Tim Willemse is an Associate Professor in the Formal System Analysis group of the Department of Mathematics and Computer Science at Eindhoven University of Technology (TU/e). Tim’s research focusses on applying, developing and scaling formal methods for designing correct and reliable systems. His research receives financial support from organisations such as NWO and the European Commission, and commercial parties, including ASML, Canon Production Printing and Verum. 

His group works on algorithms and theory for parity games and fixpoint logics, such as parameterised Boolean equation systems, and their application. Their theories and algorithms drive the model checking technology offered by mCRL2, a toolset for specifying and analysing (software controlled) systems.

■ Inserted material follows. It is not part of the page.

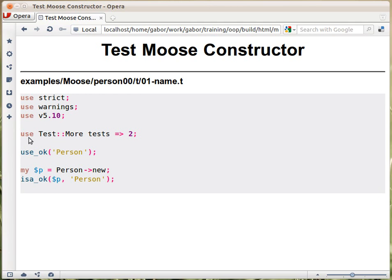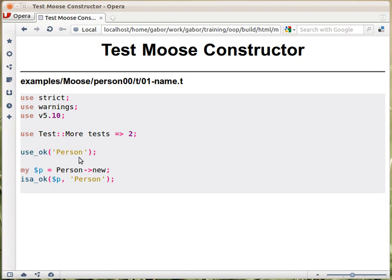At the top there is the standard syntax, and then we are loading the Test::More module, which is the testing framework of Perl. Then we declare how many unit tests we are going to run — that's so it will automatically check in the end that we actually ran those tests. The first test we do is check whether we can load the person module into memory, so we call use_ok. That will try to load via 'use' the person module, and if it's successful it will print 'ok', otherwise it will print 'not ok'.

Tim led the development of dedicated verification tooling for the software controlling the physics experiments at CERN. More recently, he developed the verification technology underlying the commercial model-driven software engineering toolset Dezyne, used on a day-to-day basis by the high-tech industry. 

The beauty and power of formal software analysis never cease to surprise.”

ACADEMIC BACKGROUND

Tim Willemse received his PhD and MSc in Computer Science from TU/e. In addition to his position at TU/e, Tim has a part-time affiliation with CERN, as a software engineer and researcher. He has also worked as a researcher at ASML and Radboud University, Nijmegen, the Netherlands. In both positions, he worked on Model-Based Testing techniques. Until December 2017, Tim was managing director of the national research school IPA. He is also a member of the Next Gen Board of the HTSC, and of the societies ACM SIGACT, ACM SIGLOG, EATCS, NVTI, IPA.

Tim has been involved in a wide range of research projects, including NWO-TOP project AVVA, a project on exploring the use of massive parallelism to speed up verification and the use of verification to assess the correctness of parallel programs. He was project leader on FP7 TTP VICTORIA, a project exploring the connection between the industrial language Dezyne and mCRL2, on the NWO project VOCHS, (verification of control software of the CMS experiment at the Large Hadron Collider) and on the NWO-project COMFORTS (verification of data-dependent and real-time systems).